■ **Data shown**
╔══

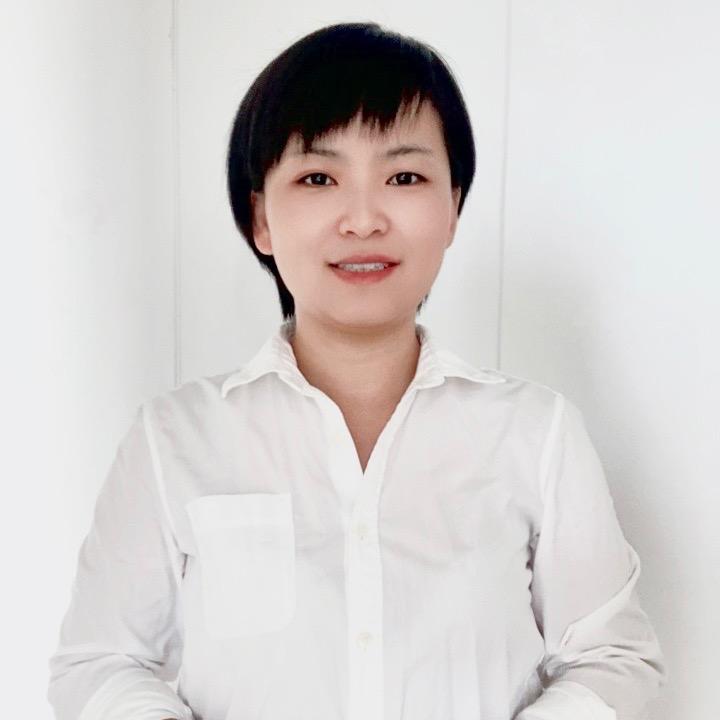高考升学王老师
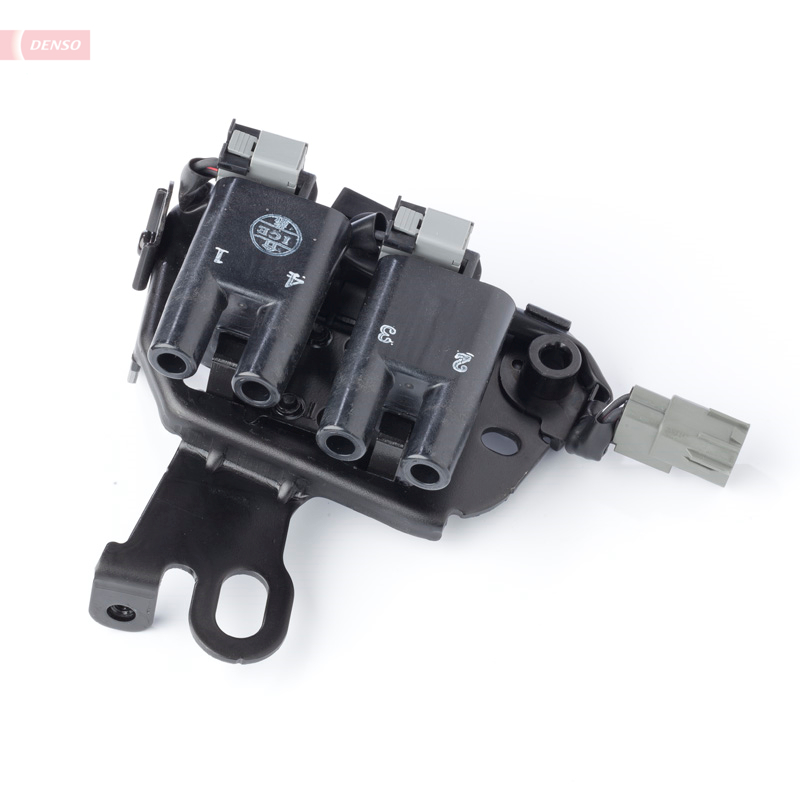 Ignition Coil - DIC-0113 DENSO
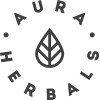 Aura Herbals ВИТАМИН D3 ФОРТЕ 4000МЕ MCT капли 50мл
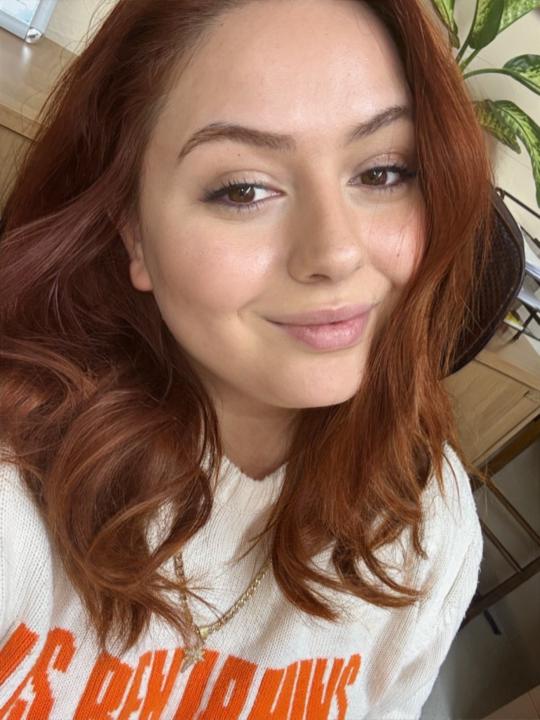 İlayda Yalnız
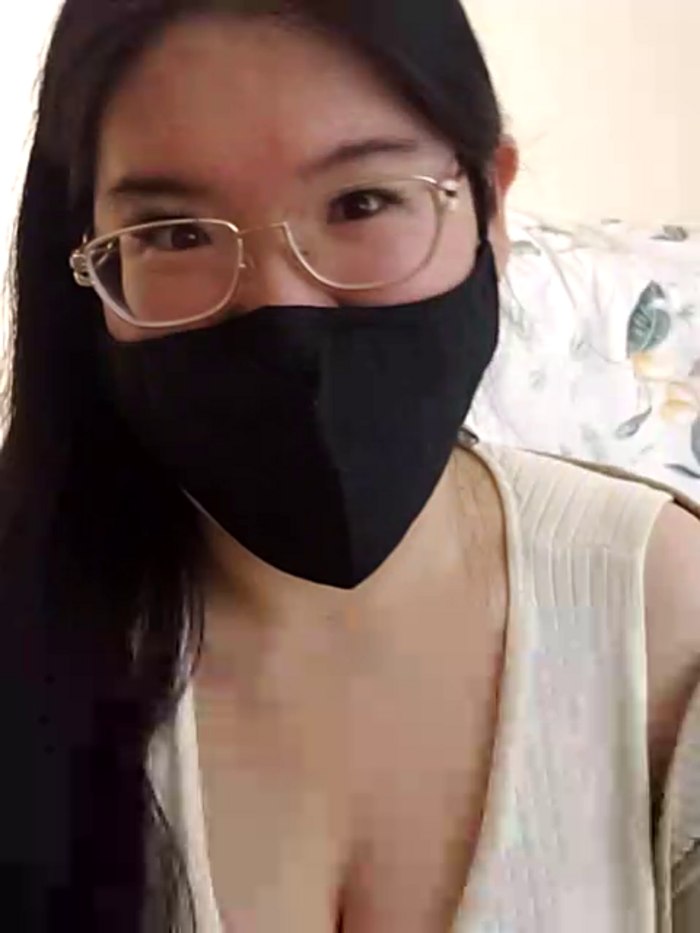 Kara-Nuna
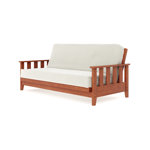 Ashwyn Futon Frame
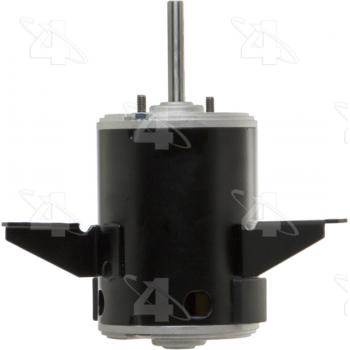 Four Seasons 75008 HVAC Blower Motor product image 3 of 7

╚══
╔══

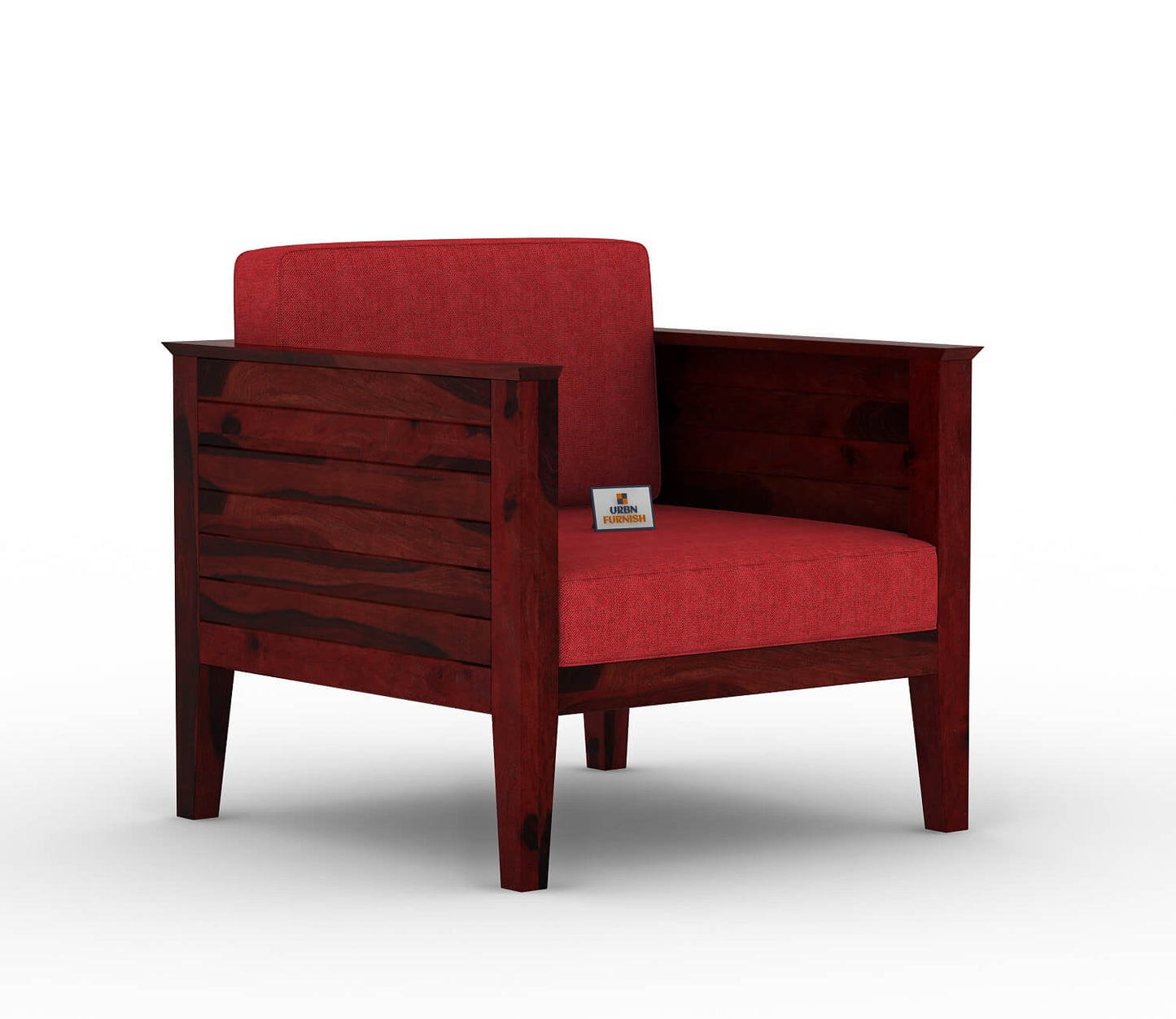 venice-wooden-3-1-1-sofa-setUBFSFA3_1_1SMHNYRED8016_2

╚══

■ **Work request**
Start with the line above containing "Ashwyn Futon Frame" and end with the line containing "Four Seasons 75008". Set down that stretch exactly, without any pictures.

■ **Written solution**
 Ashwyn Futon Frame
 Four Seasons 75008 HVAC Blower Motor product image 3 of 7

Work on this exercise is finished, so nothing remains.